As part of an effort to ensure compatibility across multiple distributions of Hadoop, ODPi, a non-profit consortium led by many application providers, today released the ODPi Runtime Specification and associated test suite.
John Mertic, director of ODPi, says the goal is to give IT organizations a mechanism for making sure that various distributions of Hadoop don’t wind up introducing dependencies that lock them into a particular Hadoop implementation. Backed by Hortonworks, IBM, GE and the Pivotal arm of EMC, Mertic says ODPi is designed to complement the effort of the Apache Software Foundation that is charged with developing the raw bits that make up Hadoop and related open source projects such as YARN and HDFS.
While not every vendor agrees that ODPi is necessary, how and where distributors of Hadoop add value is an ongoing industry debate. Based on version 2.7 of Apache Hadoop, the ODPi Runtime Specification is part of the ODPi Core reference specification. At present, over 25 vendors and IT service providers are supporting ODPi.
The specification itself is not designed to limit Hadoop innovation as much as provide a structured way to introduce those innovations without locking customers into a particular distribution. To that end, the published specification also includes rules and guidelines on how to incorporate additional, non-breaking features, which are allowed, provided source code is made available via the relevant Apache community.

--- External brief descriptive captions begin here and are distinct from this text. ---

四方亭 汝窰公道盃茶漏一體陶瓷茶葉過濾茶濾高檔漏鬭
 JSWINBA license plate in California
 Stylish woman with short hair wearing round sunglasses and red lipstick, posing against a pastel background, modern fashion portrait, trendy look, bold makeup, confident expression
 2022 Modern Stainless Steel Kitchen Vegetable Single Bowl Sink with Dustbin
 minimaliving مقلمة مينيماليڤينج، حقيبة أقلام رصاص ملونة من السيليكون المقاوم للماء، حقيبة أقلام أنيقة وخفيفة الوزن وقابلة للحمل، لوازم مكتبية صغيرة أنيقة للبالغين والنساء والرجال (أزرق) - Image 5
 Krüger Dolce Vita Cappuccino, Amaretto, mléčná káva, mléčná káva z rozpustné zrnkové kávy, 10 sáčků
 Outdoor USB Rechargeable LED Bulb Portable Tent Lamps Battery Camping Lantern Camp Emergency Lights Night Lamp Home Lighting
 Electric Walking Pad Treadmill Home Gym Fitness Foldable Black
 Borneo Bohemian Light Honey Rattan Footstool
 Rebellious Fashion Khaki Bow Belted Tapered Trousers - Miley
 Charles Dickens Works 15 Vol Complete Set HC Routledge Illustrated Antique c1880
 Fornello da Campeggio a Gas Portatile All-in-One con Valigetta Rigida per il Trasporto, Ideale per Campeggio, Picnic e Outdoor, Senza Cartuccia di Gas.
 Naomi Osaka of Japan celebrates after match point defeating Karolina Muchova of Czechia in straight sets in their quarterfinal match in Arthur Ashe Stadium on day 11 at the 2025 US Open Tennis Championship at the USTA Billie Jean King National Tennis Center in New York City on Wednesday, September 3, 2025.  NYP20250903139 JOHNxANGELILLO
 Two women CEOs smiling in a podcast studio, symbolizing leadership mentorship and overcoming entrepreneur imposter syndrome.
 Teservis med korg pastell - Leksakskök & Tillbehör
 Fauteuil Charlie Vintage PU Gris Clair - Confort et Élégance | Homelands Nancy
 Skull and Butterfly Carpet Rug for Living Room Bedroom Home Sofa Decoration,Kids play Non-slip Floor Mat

ODPi is also working on specification of installation and management tools. For example, an Operations Specification covers Apache Ambari, the ASF project for provisioning, managing and monitoring Apache Hadoop clusters.
It may be too early to say to what degree any provider of a distribution of Hadoop is trying to lock in customers. But given the history of enterprise IT, many IT organizations would most likely prefer to be safe than sorry.